■ REQUIREMENT
In the material below, pictures must be dropped. Repeat exactly, and only, the lines from the line with "Capa do artigo" to the line with "Ступица (кулак, цапфа) Opel Mokka, 2016", both ends included.

■ AVAILABLE RECORDS
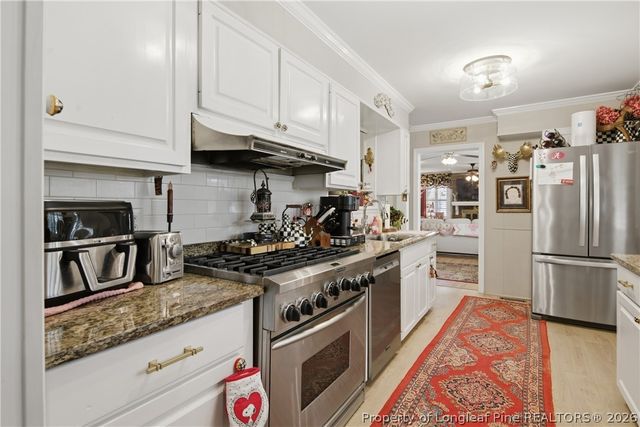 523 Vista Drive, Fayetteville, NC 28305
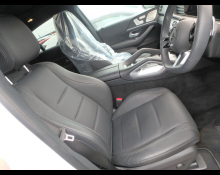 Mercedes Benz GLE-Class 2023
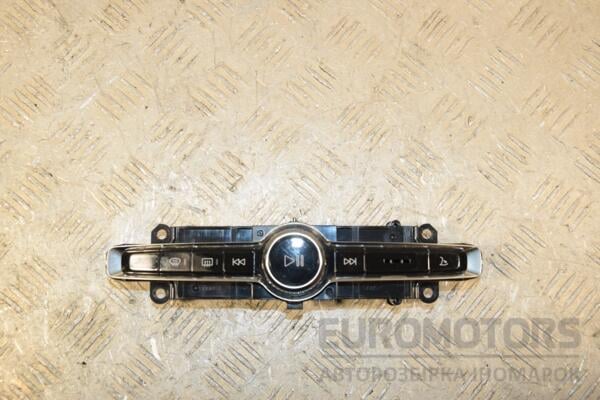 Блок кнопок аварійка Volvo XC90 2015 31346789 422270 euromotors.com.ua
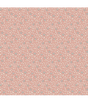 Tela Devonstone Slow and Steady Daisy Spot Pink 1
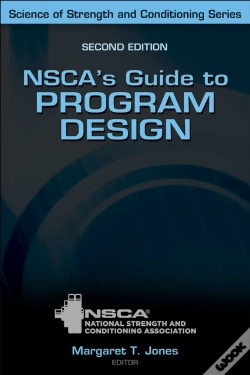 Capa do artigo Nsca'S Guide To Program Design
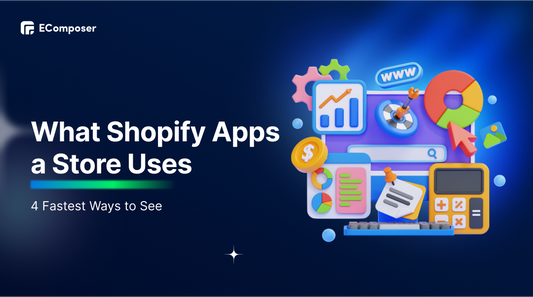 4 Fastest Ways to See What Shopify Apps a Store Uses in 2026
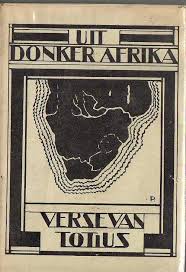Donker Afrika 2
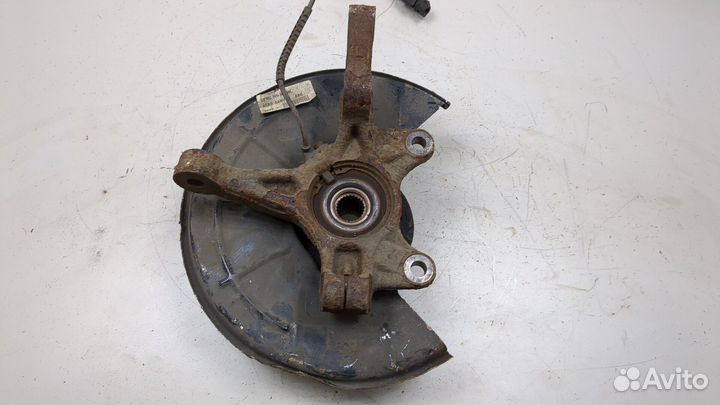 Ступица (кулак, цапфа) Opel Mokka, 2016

---

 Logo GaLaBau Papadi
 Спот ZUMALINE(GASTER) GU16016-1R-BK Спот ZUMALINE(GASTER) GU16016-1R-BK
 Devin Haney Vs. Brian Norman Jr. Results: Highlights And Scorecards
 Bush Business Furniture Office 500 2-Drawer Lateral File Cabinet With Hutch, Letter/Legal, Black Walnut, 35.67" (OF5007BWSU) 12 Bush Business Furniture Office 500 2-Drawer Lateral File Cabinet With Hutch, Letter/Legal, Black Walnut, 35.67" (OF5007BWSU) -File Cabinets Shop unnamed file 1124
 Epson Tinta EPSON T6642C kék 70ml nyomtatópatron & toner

■ OUTPUT FOR THIS TASK
 Capa do artigo Nsca'S Guide To Program Design
 4 Fastest Ways to See What Shopify Apps a Store Uses in 2026
Donker Afrika 2
 Ступица (кулак, цапфа) Opel Mokka, 2016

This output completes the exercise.